[Opening Task material section]

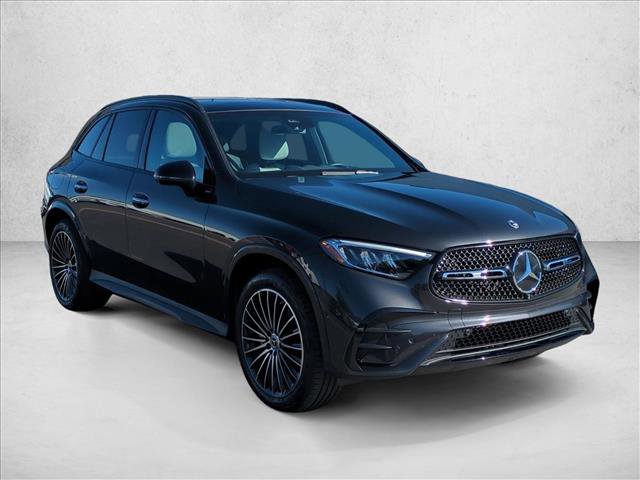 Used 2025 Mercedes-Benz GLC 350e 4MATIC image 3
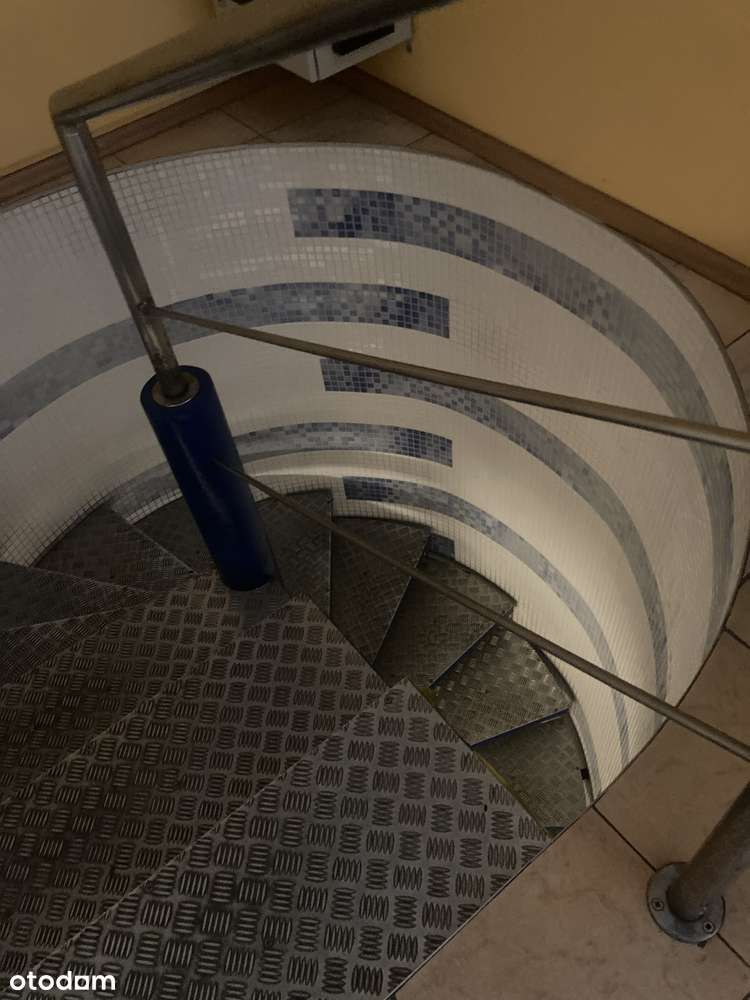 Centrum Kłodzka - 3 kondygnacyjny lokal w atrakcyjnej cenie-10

[Closing Task material section]
[Opening Task material section]

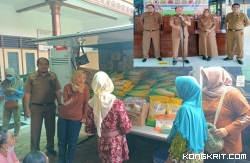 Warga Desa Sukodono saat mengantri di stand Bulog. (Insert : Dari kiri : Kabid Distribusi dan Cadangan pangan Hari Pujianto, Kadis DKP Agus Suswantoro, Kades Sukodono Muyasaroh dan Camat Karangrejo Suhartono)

[Closing Task material section]

• About this task:
Return exactly the lines of the material above, starting at the line containing "Used 2025 Mercedes-Benz" and finishing at the line containing "Centrum Kłodzka - 3", without any pictures.

• Response:
 Used 2025 Mercedes-Benz GLC 350e 4MATIC image 3
 Centrum Kłodzka - 3 kondygnacyjny lokal w atrakcyjnej cenie-10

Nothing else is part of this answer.